Can anyone provide us with some information on JR suites at the rear of the ship? We are first time cruisers and were told on deck #7 (room # 7414) that our room on the Freedom of the Seas ship was at the rear giving us a bigger balcony and spectacular views. Can anyone verify that this is accurate information? Also, we would like to swim with the dolphins either at St Marten or St. Thomas stops. How much is this per person? Any other info about Freedom of the Seas E. Caribbean trip would be appreciated whether positive or negative. I am already figuring we may NOT want to leave the ship on the first Coco Cay stop since the reviews on the crowd of people, the food lines and the possibility of COLD weather (we sail 1 17 10)have scared us away. Your thoughts or personal experiences?

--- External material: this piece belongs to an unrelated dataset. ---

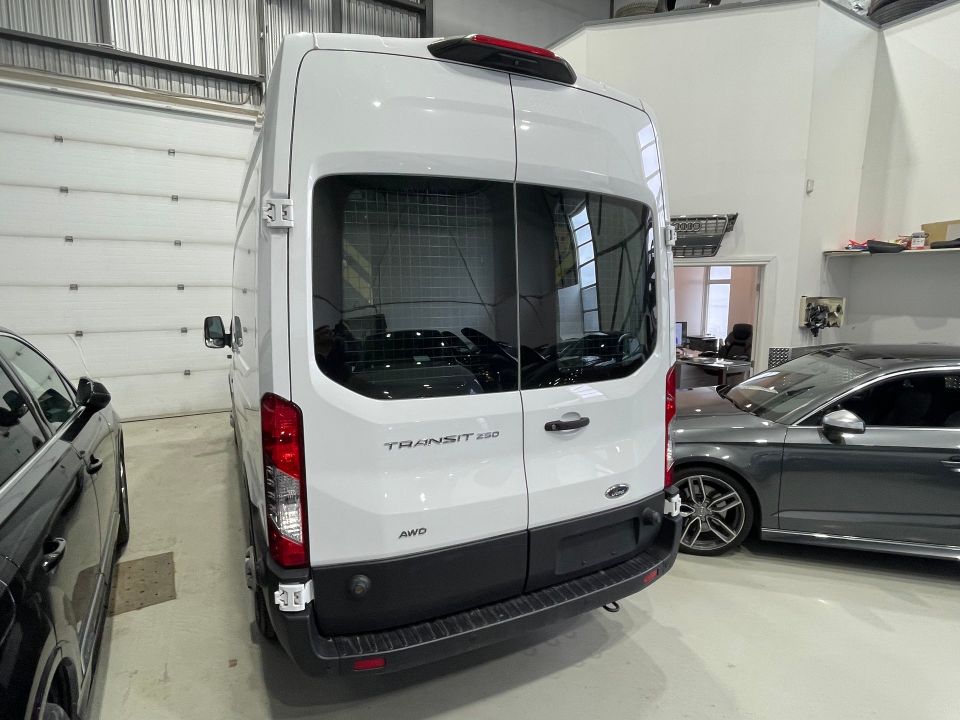 Ford Transit-250 Cargo Van 2020 - Image 8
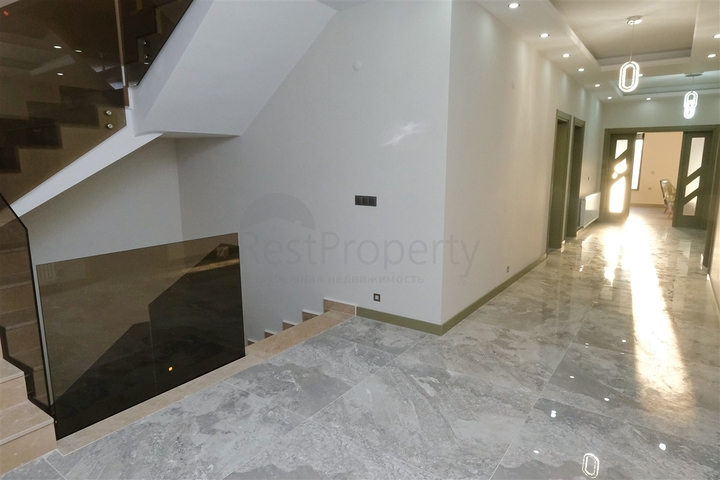 Villa mit 7+1 Grundriss in der Wohngegend Aydinlık - Antalya  Villa mit 7+1 Grundriss in der Wohngegend Aydinlık - Antalya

Yes, your balcony is larger but the spectacular views will be restrained a bit because of the structural steel on the aft of the ship. Look at this photo for an example. Although it is not on the Freedom, the Freedom looks the same. Your cabin will be in the center.
The dolphin excursions for St. Thomas and St. Martin are not actually on those islands. To do it on St. Thomas you have to take a ferry ride to Tortola, British Virgin Islands, which is nearby. To do the tour on St. Martin you have to take a ferry to Anguilla. There are various tour levels, from the "dolphin encounter" to "swim with the dolphins" or words to that effect. The encounter is cheapest but you really don't do much other than stand on a partially submerged platform and watch, and get maybe a minute of actually touching. The swim is where you get in the water with the dolphin. These things can range from around $100 to $180 per person depending on what tour you choose.
The typical temperature in the Bahamas in January is mid to upper 70's. I think you'd be missing out if you didn't take the tender over to Coco Cay. I look on the private island stops as a high point of a cruise. Don't take reviews as gospel. What some people call a crowd may not be true for others. But suit yourself. The ship can also be a quiet getaway when most of the passengers are ashore. Just realize that with many of the crew ashore on Coco Cay to serve the guests, many things on the ship will be closed (but not everything).
You'll really be bowled over by the Freedom Of The Seas. It is a beautiful ship with tons of things to do. Don't miss the ice show.
more than I expected Dave...I mean your personal, quick response. I think we may SAVE our money for the 2 premium islands St. Maarten and Thomas. Let me ask you one more question. Let's assumme we take the taxi or whatever you call the boat that takes us to Coco Cay and then we decide we want to go back to the ship after a few hours. Are we trapped on shore until the day is over? or are the boats always going back and forth all day?
The are called tenders - small boats used to ferry passengers ashore. At Coco Cay RCI has tenders which hold a lot of people, and it is a short ride so it doesn't take long although tender tickets will be needed initially until the crowd disappates. Tender tickets are just a way to control things by breaking it down into groups. So if you have ticket number 5, you can't board if they are only on number 4. But after awhile they don't require them.
After the initial movement of the passengers and supplies ashore, they will have tenders going back and forth every 15 minutes or so. In fact I usually go over early, linger around the beaches, have lunch, and then head back to the ship to have a relaxing afternoon while many people are still ashore.
Guests who book an early excursion will also get to go on the first tenders.
On Coco Cay - which really is a 120 acre private island (you can see the former owners house still standing there - it is sort of flying saucer shaped) - everything is just like it is on the ship. Your cruise card is used to buy drinks, rent water sports gear, etc. One exception is a small straw market operated by local citizens from nearby Bahamian islands. They sell t-shirts, hats, the usual tourist souvenirs. They take dollars and not the cruise card.
If I remember on Coco Cay after maybe the first hour and a half or less leaving the ship they used the numbers and after that you just filled the next available tender. Didn't see this was a problem, once I got up and had a leisurely breakfast the backlog of folks trying to leave the ship were gone, we still got beach chairs, snorkel equipment, and had a great day. Didn't really understand the rush. Coming back was board a tender at your leisure. I think my parents walked off, said "there's nothing here" and went back to the ship. We, of course, walked off said "There's nothing here but blue ocean and beach, yay!" and took the last tender back to the ship at the end of the day.